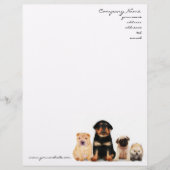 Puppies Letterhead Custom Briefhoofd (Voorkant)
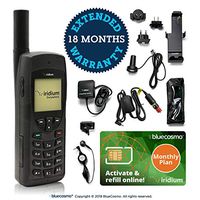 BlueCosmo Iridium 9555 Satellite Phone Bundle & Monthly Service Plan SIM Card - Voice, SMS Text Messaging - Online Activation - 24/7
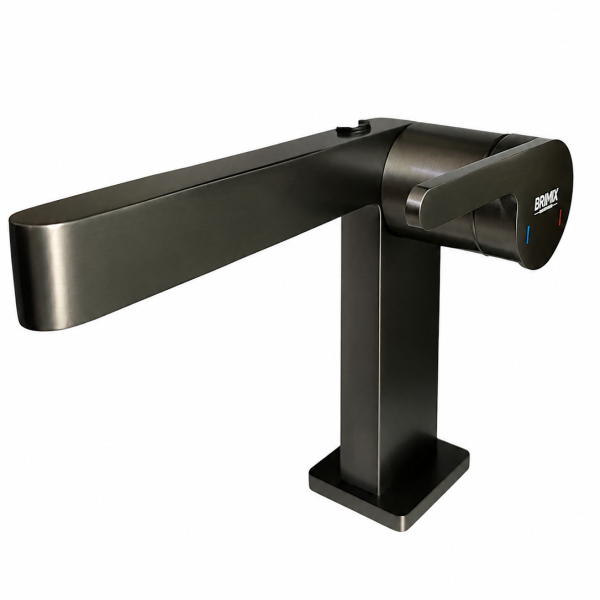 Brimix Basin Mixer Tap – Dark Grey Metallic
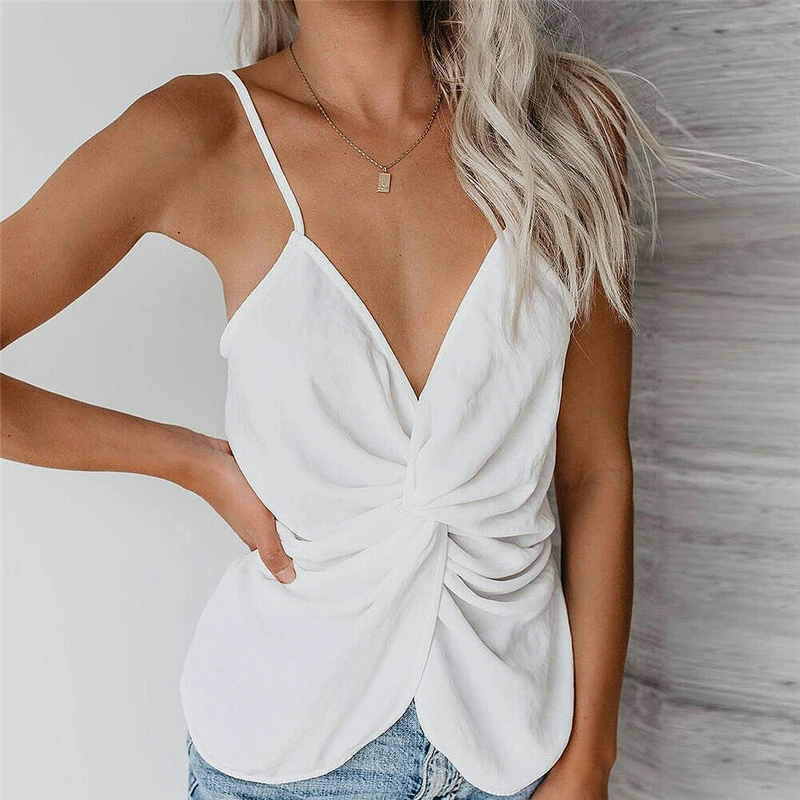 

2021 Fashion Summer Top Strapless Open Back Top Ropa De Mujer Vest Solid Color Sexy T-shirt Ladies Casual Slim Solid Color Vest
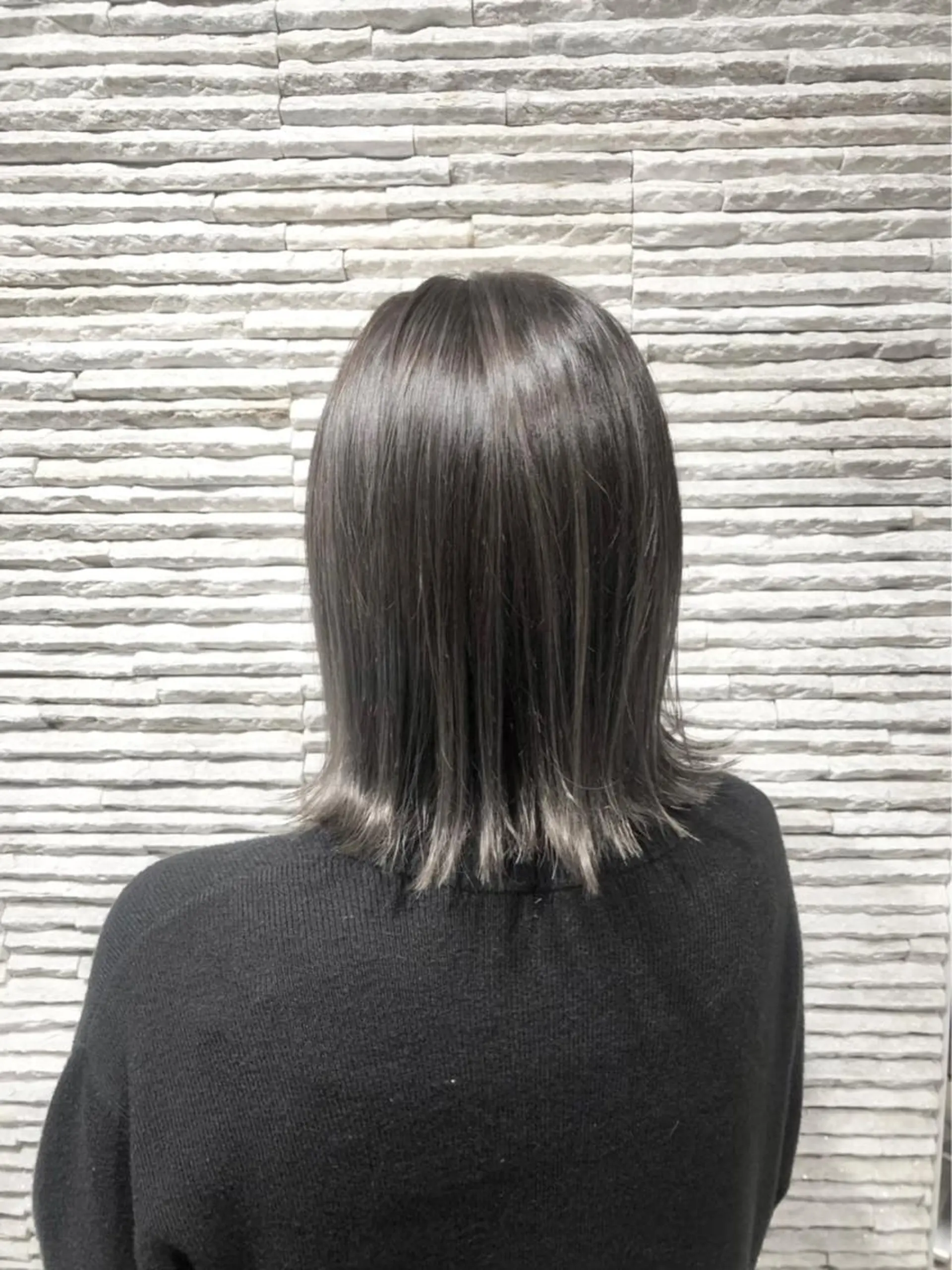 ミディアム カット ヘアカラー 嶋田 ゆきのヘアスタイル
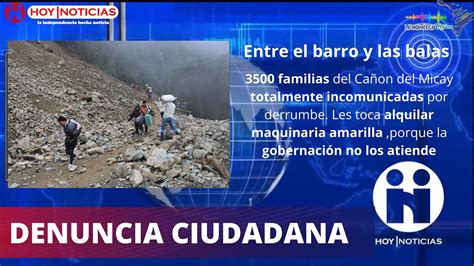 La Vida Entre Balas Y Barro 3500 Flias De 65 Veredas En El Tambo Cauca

---

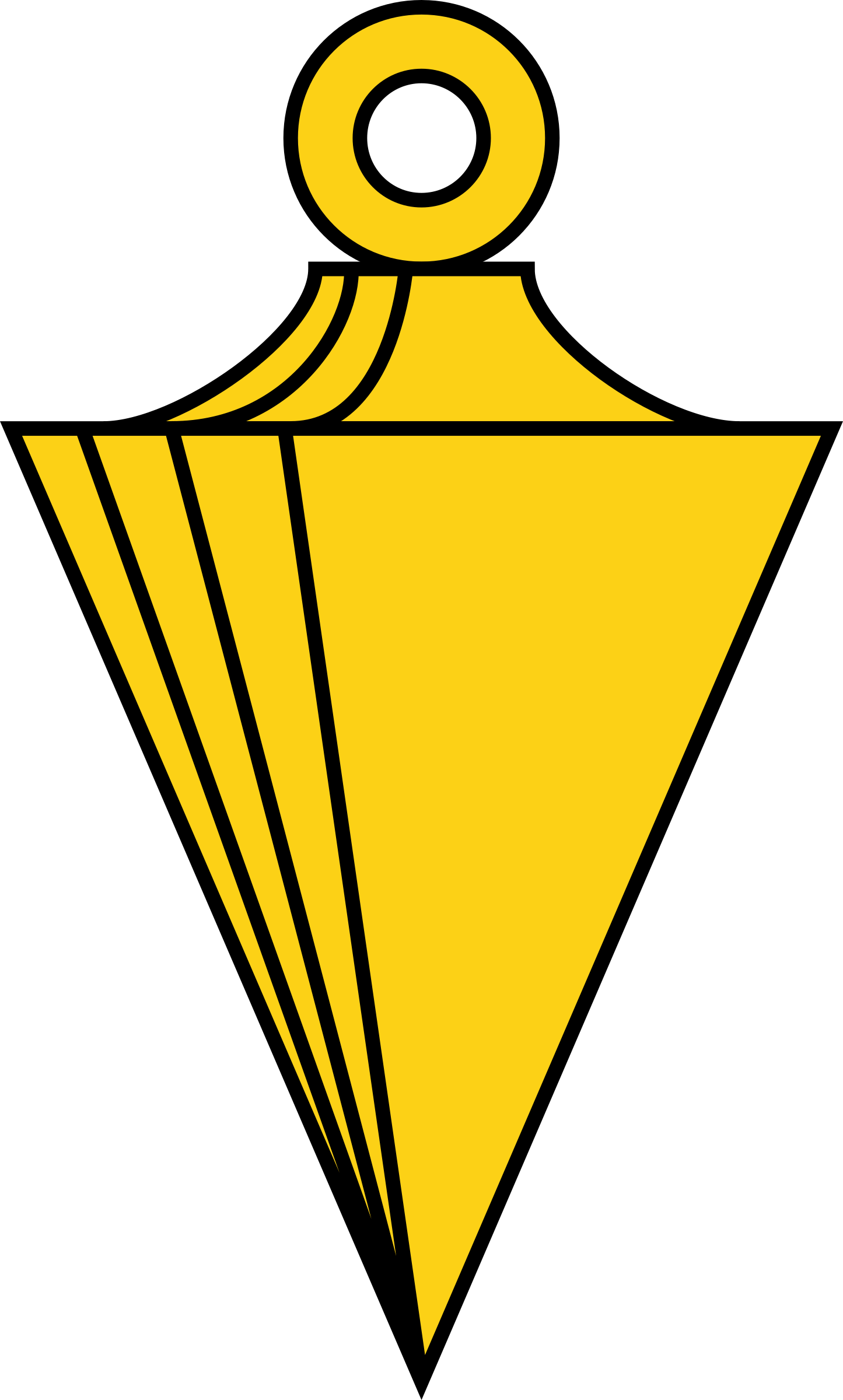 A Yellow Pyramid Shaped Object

--

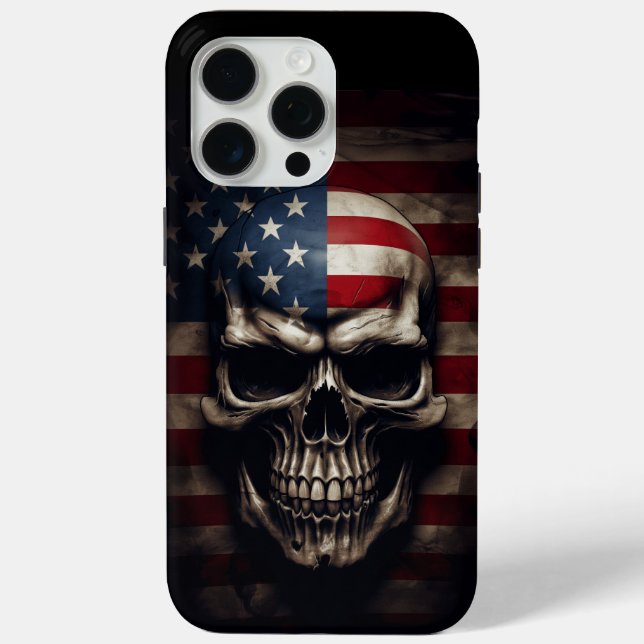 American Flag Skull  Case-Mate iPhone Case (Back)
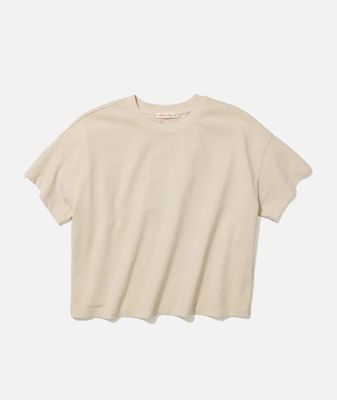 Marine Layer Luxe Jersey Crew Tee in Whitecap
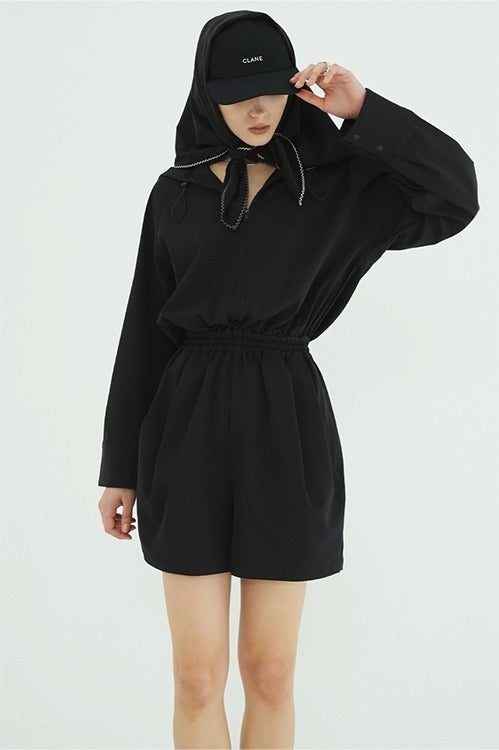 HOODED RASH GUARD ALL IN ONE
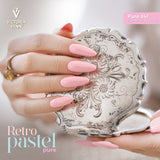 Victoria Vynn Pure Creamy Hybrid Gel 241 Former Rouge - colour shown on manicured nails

### WORK INSTRUCTIONS
Beginning at the line above that contains "BlueCosmo Iridium 9555", repeat each line exactly through the one that contains "La Vida Entre", and leave out the pictures.

### EXERCISE SOLUTION
 BlueCosmo Iridium 9555 Satellite Phone Bundle & Monthly Service Plan SIM Card - Voice, SMS Text Messaging - Online Activation - 24/7
 Brimix Basin Mixer Tap – Dark Grey Metallic

2021 Fashion Summer Top Strapless Open Back Top Ropa De Mujer Vest Solid Color Sexy T-shirt Ladies Casual Slim Solid Color Vest
 ミディアム カット ヘアカラー 嶋田 ゆきのヘアスタイル
 La Vida Entre Balas Y Barro 3500 Flias De 65 Veredas En El Tambo Cauca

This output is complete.